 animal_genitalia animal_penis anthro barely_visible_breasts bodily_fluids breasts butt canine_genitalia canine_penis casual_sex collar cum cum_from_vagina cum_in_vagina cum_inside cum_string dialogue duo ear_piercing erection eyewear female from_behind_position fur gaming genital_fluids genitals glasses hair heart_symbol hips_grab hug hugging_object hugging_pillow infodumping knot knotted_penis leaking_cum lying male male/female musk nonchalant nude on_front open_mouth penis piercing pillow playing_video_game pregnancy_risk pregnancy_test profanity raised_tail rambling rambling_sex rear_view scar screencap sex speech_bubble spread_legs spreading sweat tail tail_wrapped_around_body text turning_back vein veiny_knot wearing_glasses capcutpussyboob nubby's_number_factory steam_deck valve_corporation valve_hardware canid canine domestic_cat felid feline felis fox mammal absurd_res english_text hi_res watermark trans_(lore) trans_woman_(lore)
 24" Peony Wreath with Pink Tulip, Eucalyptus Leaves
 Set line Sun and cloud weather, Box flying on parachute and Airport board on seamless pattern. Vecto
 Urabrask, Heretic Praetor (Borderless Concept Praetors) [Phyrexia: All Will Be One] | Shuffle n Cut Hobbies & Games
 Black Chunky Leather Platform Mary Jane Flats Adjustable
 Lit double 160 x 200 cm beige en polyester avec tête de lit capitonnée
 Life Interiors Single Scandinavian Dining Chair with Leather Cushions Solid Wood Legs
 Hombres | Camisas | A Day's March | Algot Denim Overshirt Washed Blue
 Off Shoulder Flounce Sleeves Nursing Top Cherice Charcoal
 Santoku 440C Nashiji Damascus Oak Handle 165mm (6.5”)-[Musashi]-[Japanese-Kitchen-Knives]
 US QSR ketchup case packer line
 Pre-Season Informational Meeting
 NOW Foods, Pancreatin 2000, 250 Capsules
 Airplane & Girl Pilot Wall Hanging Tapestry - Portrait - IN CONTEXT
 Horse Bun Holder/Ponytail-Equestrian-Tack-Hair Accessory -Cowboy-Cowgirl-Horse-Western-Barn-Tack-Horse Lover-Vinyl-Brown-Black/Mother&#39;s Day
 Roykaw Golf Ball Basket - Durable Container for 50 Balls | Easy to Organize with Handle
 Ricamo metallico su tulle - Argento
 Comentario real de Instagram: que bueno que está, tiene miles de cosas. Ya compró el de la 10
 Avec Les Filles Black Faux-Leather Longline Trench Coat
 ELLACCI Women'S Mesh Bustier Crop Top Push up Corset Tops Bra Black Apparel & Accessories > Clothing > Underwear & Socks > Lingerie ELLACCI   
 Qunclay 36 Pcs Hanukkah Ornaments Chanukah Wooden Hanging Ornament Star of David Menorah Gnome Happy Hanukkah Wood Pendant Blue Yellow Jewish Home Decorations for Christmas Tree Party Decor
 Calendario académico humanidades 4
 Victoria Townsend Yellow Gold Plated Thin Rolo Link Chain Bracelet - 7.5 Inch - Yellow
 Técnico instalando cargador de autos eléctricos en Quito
==========
# EXERCISE OBJECTIVE
Would you return, unchanged, the lines from the one containing "Off Shoulder Flounce" through the end of the entries?

# RESPONSE FOR THIS EXERCISE
 Off Shoulder Flounce Sleeves Nursing Top Cherice Charcoal
 Santoku 440C Nashiji Damascus Oak Handle 165mm (6.5”)-[Musashi]-[Japanese-Kitchen-Knives]
 US QSR ketchup case packer line
 Pre-Season Informational Meeting
 NOW Foods, Pancreatin 2000, 250 Capsules
 Airplane & Girl Pilot Wall Hanging Tapestry - Portrait - IN CONTEXT
 Horse Bun Holder/Ponytail-Equestrian-Tack-Hair Accessory -Cowboy-Cowgirl-Horse-Western-Barn-Tack-Horse Lover-Vinyl-Brown-Black/Mother&#39;s Day
 Roykaw Golf Ball Basket - Durable Container for 50 Balls | Easy to Organize with Handle
 Ricamo metallico su tulle - Argento
 Comentario real de Instagram: que bueno que está, tiene miles de cosas. Ya compró el de la 10
 Avec Les Filles Black Faux-Leather Longline Trench Coat
 ELLACCI Women'S Mesh Bustier Crop Top Push up Corset Tops Bra Black Apparel & Accessories > Clothing > Underwear & Socks > Lingerie ELLACCI   
 Qunclay 36 Pcs Hanukkah Ornaments Chanukah Wooden Hanging Ornament Star of David Menorah Gnome Happy Hanukkah Wood Pendant Blue Yellow Jewish Home Decorations for Christmas Tree Party Decor
 Calendario académico humanidades 4
 Victoria Townsend Yellow Gold Plated Thin Rolo Link Chain Bracelet - 7.5 Inch - Yellow
 Técnico instalando cargador de autos eléctricos en Quito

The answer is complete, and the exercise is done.